BEGIN Information provided
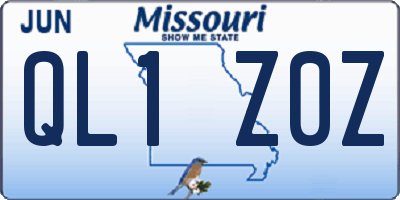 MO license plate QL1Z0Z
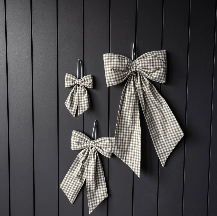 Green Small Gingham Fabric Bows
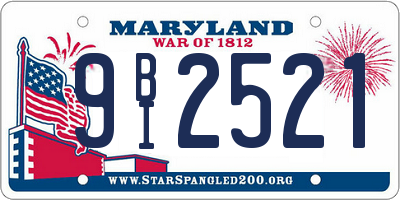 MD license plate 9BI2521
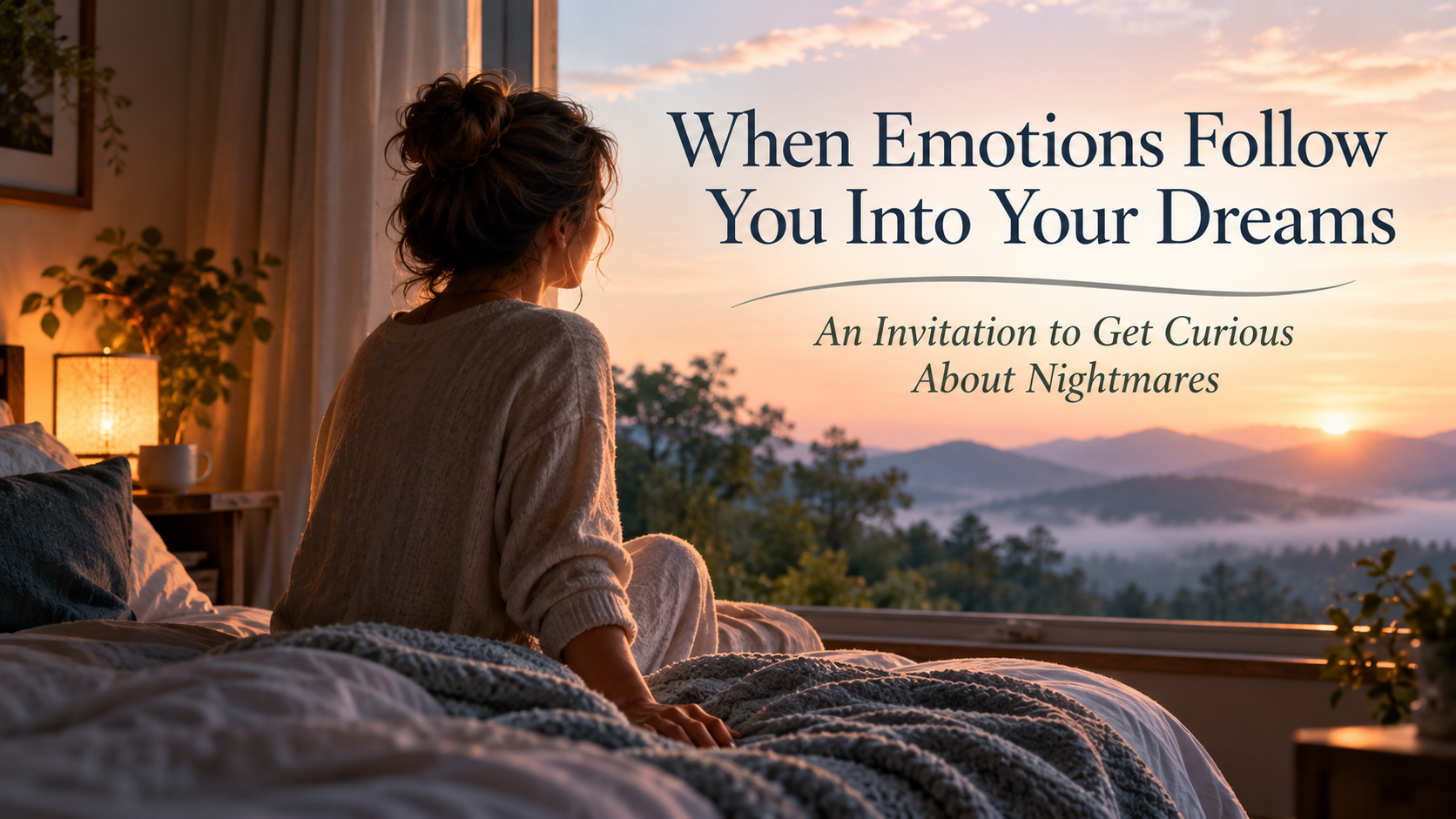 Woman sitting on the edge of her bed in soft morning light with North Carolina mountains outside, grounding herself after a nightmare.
END Information provided
◆ What you should do ◆
Type the material out again exactly. Skip the pictures.

◆ Solution to the problem ◆
 MO license plate QL1Z0Z
 Green Small Gingham Fabric Bows
 MD license plate 9BI2521
 Woman sitting on the edge of her bed in soft morning light with North Carolina mountains outside, grounding herself after a nightmare.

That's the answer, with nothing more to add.